The Undiagnosed Rare Disease Clinic, directed by Erin Conboy, MD, was launched in January 2020. Patients include those who likely have a rare undiagnosed disease that has a high likelihood of a genetic cause. This program is focused mainly on pediatrics, but patients may be any age, from newborns to those with adult-onset disorders. Patients have likely been seen by multiple providers and had extensive testing done, but still have not received conclusive results about their condition. Specific expected symptoms include: multiple congenital anomalies, abnormalities (that you can see on physical exam or as internal organ malformations), patients with severe developmental delays, severe autism, severe seizures, or Mendelian disorders (involving one specific gene).
Patients meet with the medical geneticist and genetic counselor, who conduct a detailed review the patient’s health history, family history and previous genetic testing. Patient samples are obtained at this visit for genome sequencing, RNA sequencing and metabolic testing. The genome sequencing is processed, analyzed and interpreted with the help of Emedgene, a genomic interpretation platform that incorporates advanced artificial intelligence which combines the use of detailed phenotypic information and genomic annotations present in databases. The genomic variant analysis and interpretation is completed by a multidisciplinary team who discuss the final interpretation before making recommendations in a final report.

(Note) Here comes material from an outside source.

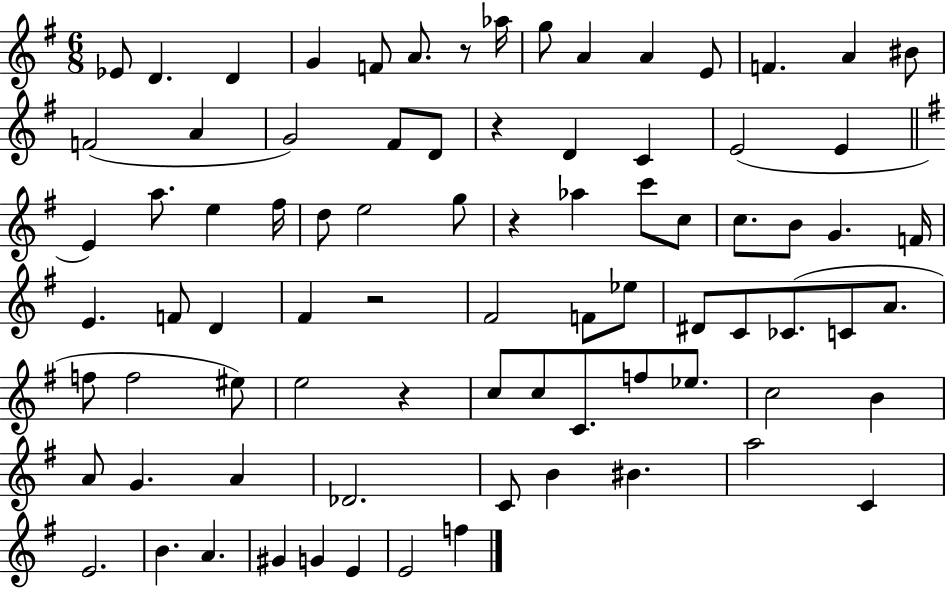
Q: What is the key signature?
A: G major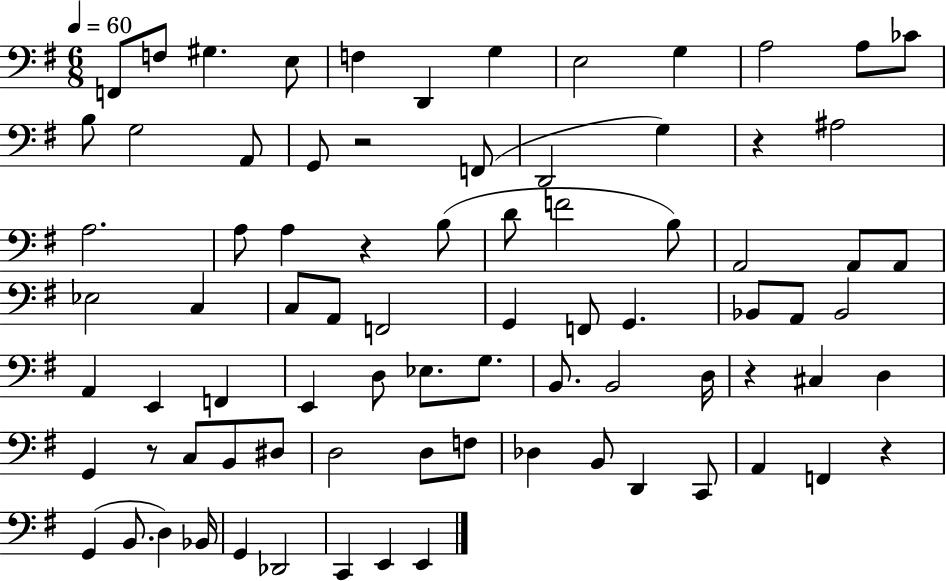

A forum for a multidisciplinary team of clinical providers, laboratorians, researchers, and students called the Genome Board reviews and discusses the cases of patients after being seen in the clinic. The team has a detailed discussion of variants, genomic, transcriptomic, and metabolic information to help determine if an underlying cause of the patient’s symptoms can be found. Genome Board is held every other Friday at 12 pm. Please contact Lili Mantcheva to be added to the Genome Board invitation list.
The Undiagnosed Rare Disease Clinic is currently funded by an IU Precision Health Initiative grant.